## ASSIGNED TASK
Write every line below out again exactly, images omitted.

## PROVIDED MATERIAL
▬▬▬

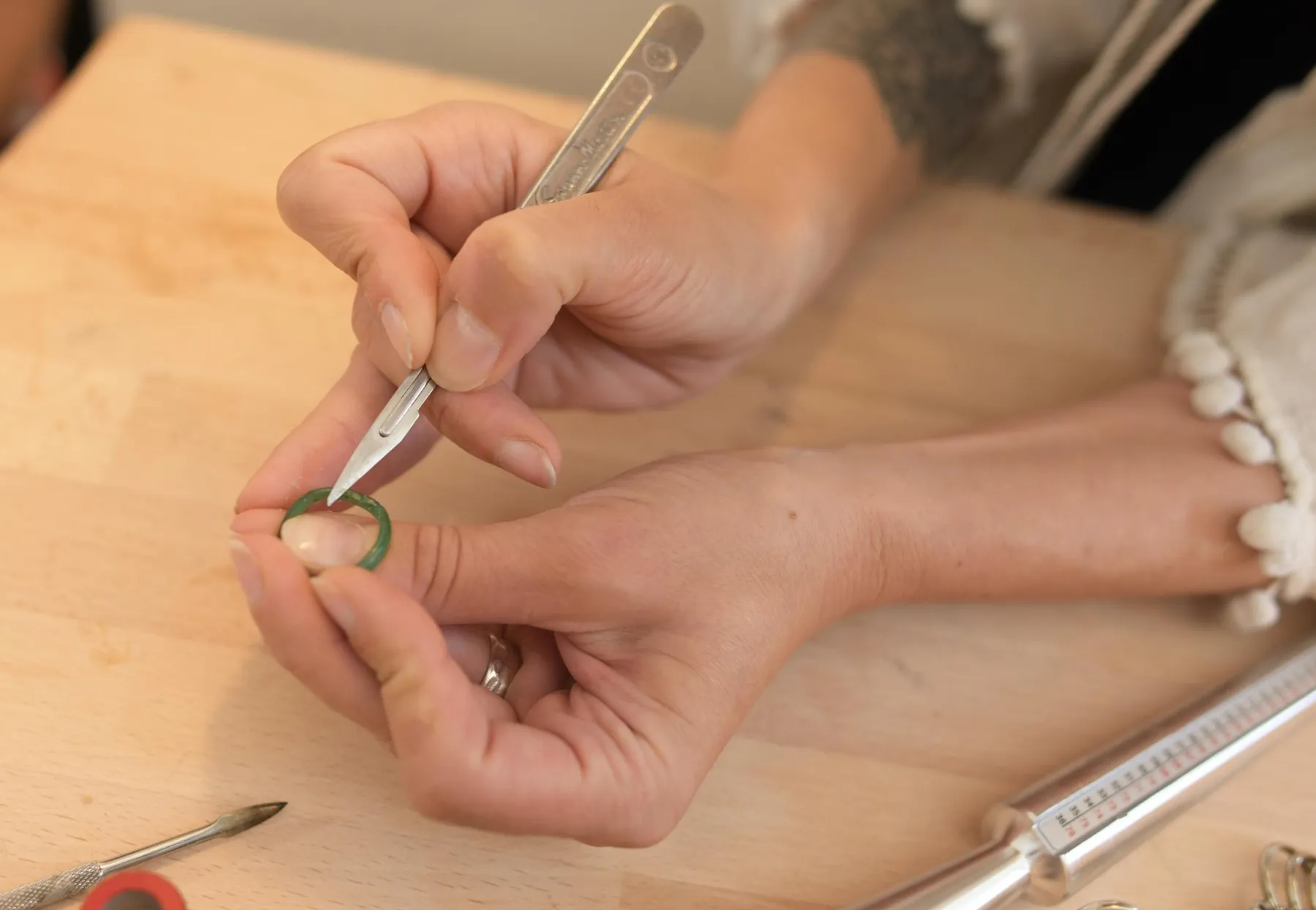 Fabriquez votre bague ou pendentif à la cire perdue avec Julie - Image n°2 - Wecandoo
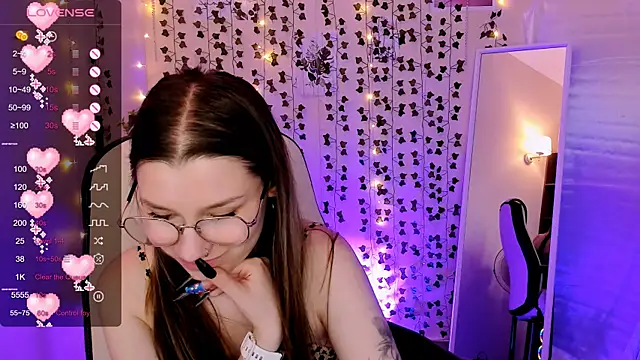 LinaBlossom_ Chat XXX in diretta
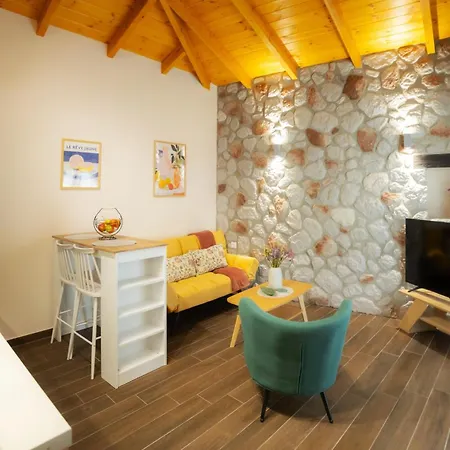 Апартаменты Magnolia Garden - Meteora Калампака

▬▬▬

## RESULT FOR THIS EXERCISE
 Fabriquez votre bague ou pendentif à la cire perdue avec Julie - Image n°2 - Wecandoo
 LinaBlossom_ Chat XXX in diretta
 Апартаменты Magnolia Garden - Meteora Калампака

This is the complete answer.